Brief descriptive captions
-=-=-=-=-
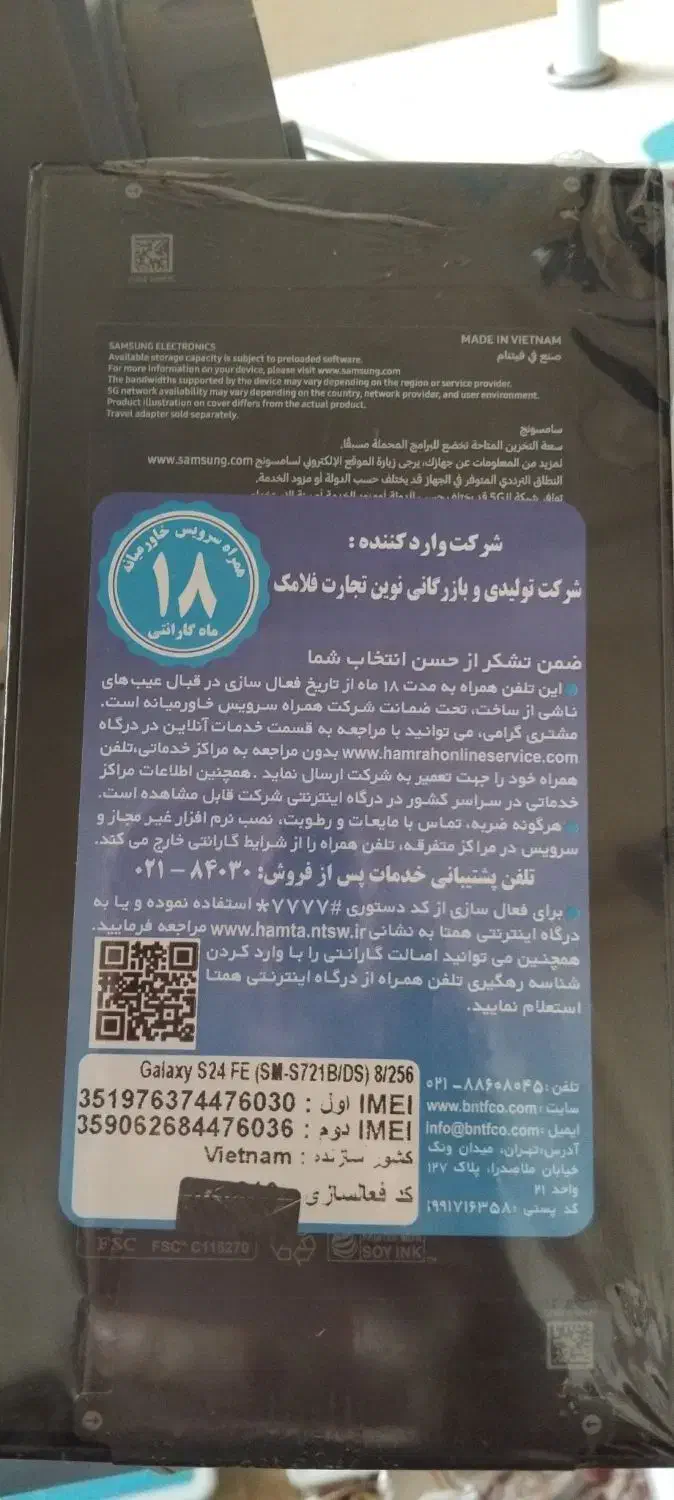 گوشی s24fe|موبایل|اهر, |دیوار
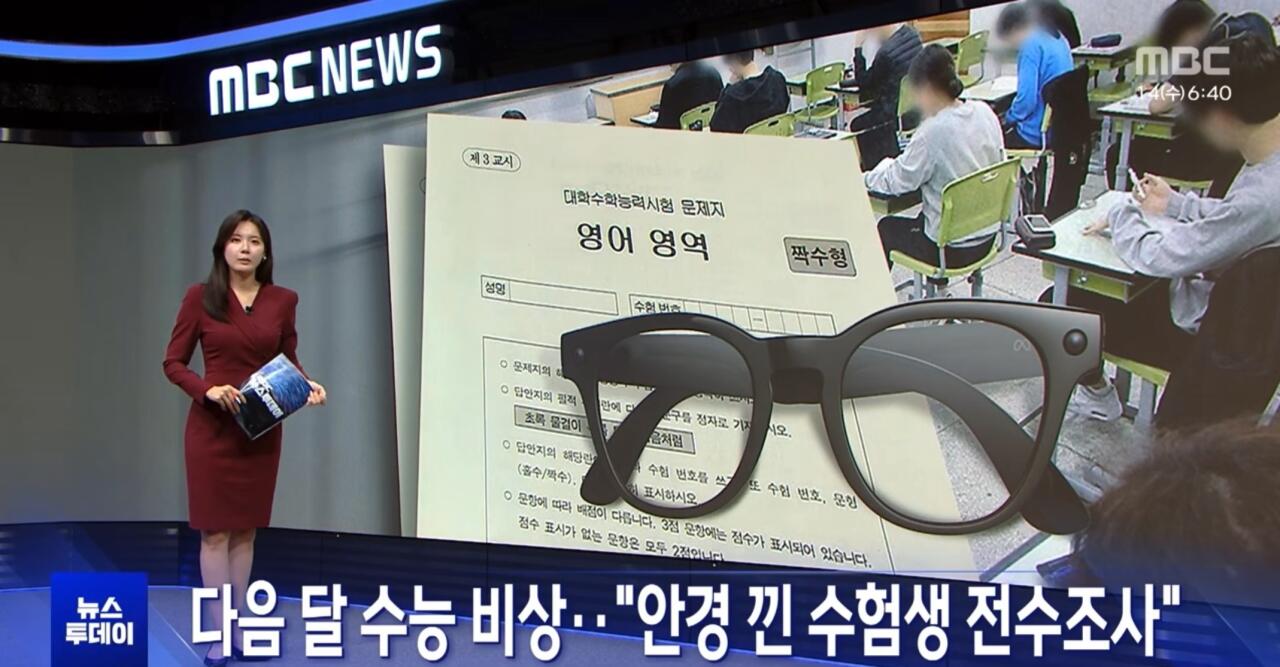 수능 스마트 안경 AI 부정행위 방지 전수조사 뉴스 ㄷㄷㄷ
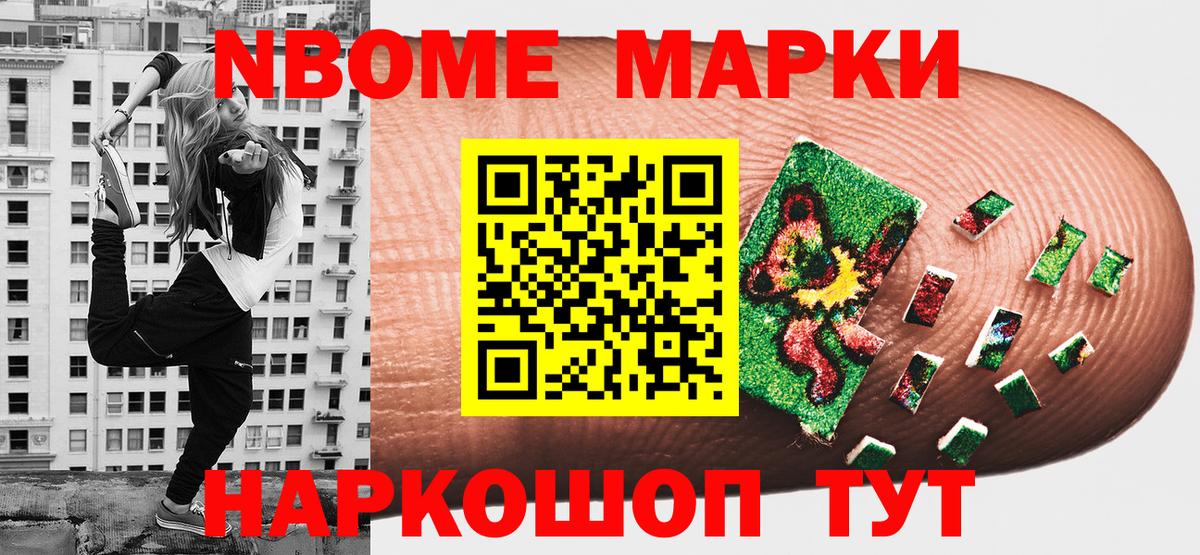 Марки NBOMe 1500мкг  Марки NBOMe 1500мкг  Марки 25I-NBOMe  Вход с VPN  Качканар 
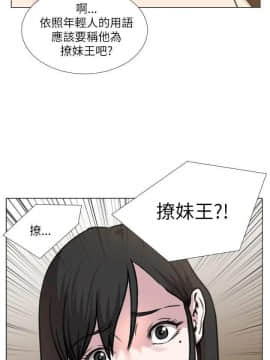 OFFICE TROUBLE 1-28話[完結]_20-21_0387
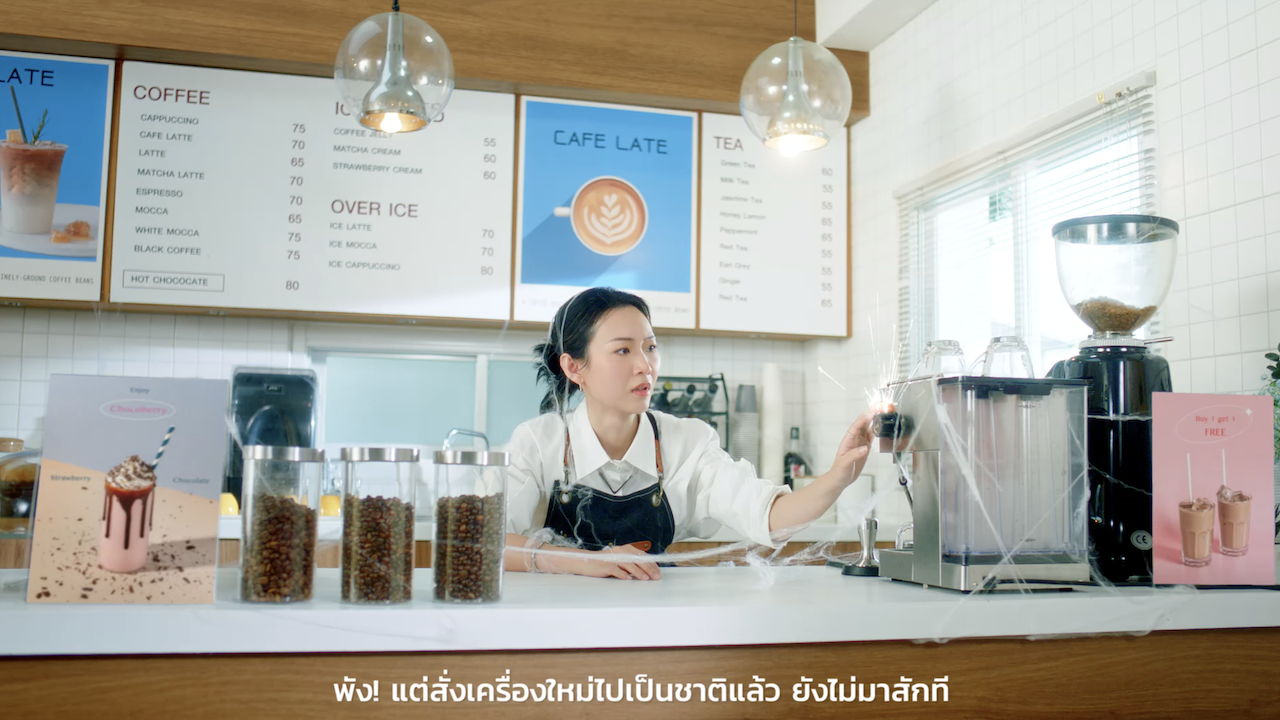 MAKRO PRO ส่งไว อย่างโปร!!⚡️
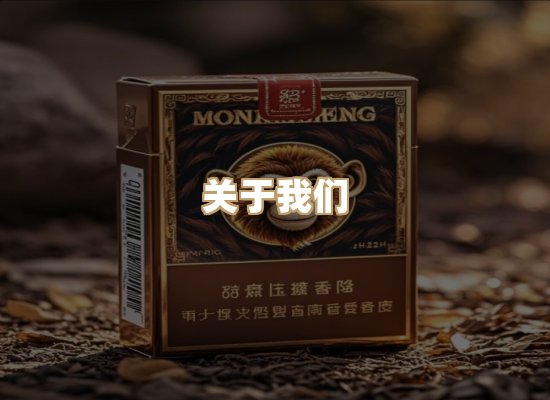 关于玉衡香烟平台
-=-=-=-=-
WHAT YOU SHOULD DO — When you reach the line that contains "수능 스마트 안경 AI 부정행위 방지 전수조사 뉴스 ㄷㄷㄷ", start reproducing, and continue word for word to the end of the records; skip all pictures.

RESULT OF THE EXERCISE —
 수능 스마트 안경 AI 부정행위 방지 전수조사 뉴스 ㄷㄷㄷ
 Марки NBOMe 1500мкг  Марки NBOMe 1500мкг  Марки 25I-NBOMe  Вход с VPN  Качканар 
 OFFICE TROUBLE 1-28話[完結]_20-21_0387
 MAKRO PRO ส่งไว อย่างโปร!!⚡️
 关于玉衡香烟平台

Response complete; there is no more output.